Öncelikle tanım ; vincenzo perruggia, dünyanın en ünlü müzesi paris louvre'den, dünyanın en ünlü tablosu mona lisa'yı gerçekten çalmış tek kişidir!!
Hatta louvre'den, louvre'nin, bütün fransa'nın, hatta bütün dünyanın, en ünlü tablosunu çalmayı geç, en basit bir şeyin bile bugüne kadar çalındığı vaki diildir !!
Vincenzo perruggia, bugün bile italya da bir "halk kahramanı"dır!!...
2011 yılında vefat eden kızı celesta perruggia bu yüzden italya'nın en saygın leydilerinden biri kabul edilmişti.
Olay;
Vincenzo perruggia, italya doğumlu basit bir kimseydi. Yoksul bir ailenin çocuğuydu.

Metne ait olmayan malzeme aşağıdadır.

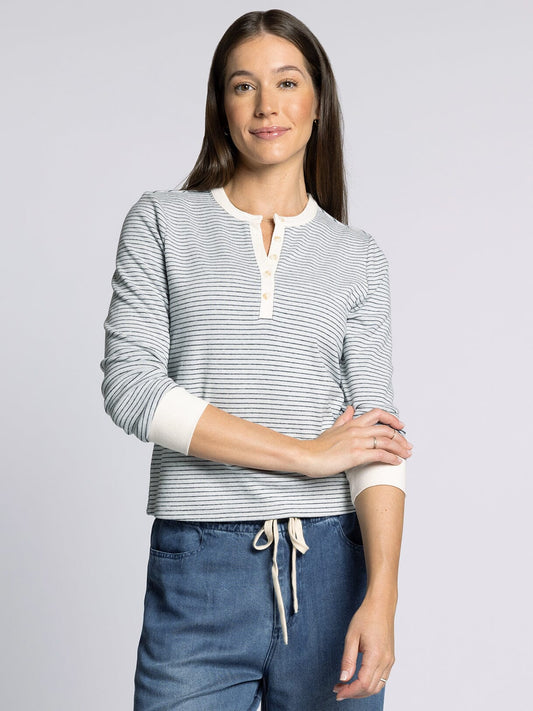 The Aeris Top White Navy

Italya da çok denemesine rağmen hiçbi işde dikiş tutturamadı. Herzaman italya'dan daha zengin bir ülke olan fransa da şansını denemek için fransa'ya gitti. Çok çabuk fransızca öğrendi. Birçok iş yaptı, başarılı oldu. Sonra paris'e gitti. Sanata çok meraklıydı, sanatçıların semti pigalle'de dostlar edindi, kız arkadaşları oldu.
1909 yılında louvre'ye işçi olarak girdi. Bunu nasıl becerdiğini bilmiyoruz.
Sonradan mahkemede verdiği ifade de, leonardo da vinci de dahil birçok italyan üstadının eserlerinin louvre de asılı olduğunu gördüğünü, sırf fransa daha zengin diye italyan tablosunun fransa da asılı olmasının "büyük haksızlık" olduğunu düşündüğünü, söyledi!!
Ona göre, madem fransa, italya'dan böyle büyük eserleri "çalmayı" kendisine hak görüyordu, o halde fransa'dan o tabloları çalmak da ülkesini seven bir italyanın "boynunun borcuydu" !!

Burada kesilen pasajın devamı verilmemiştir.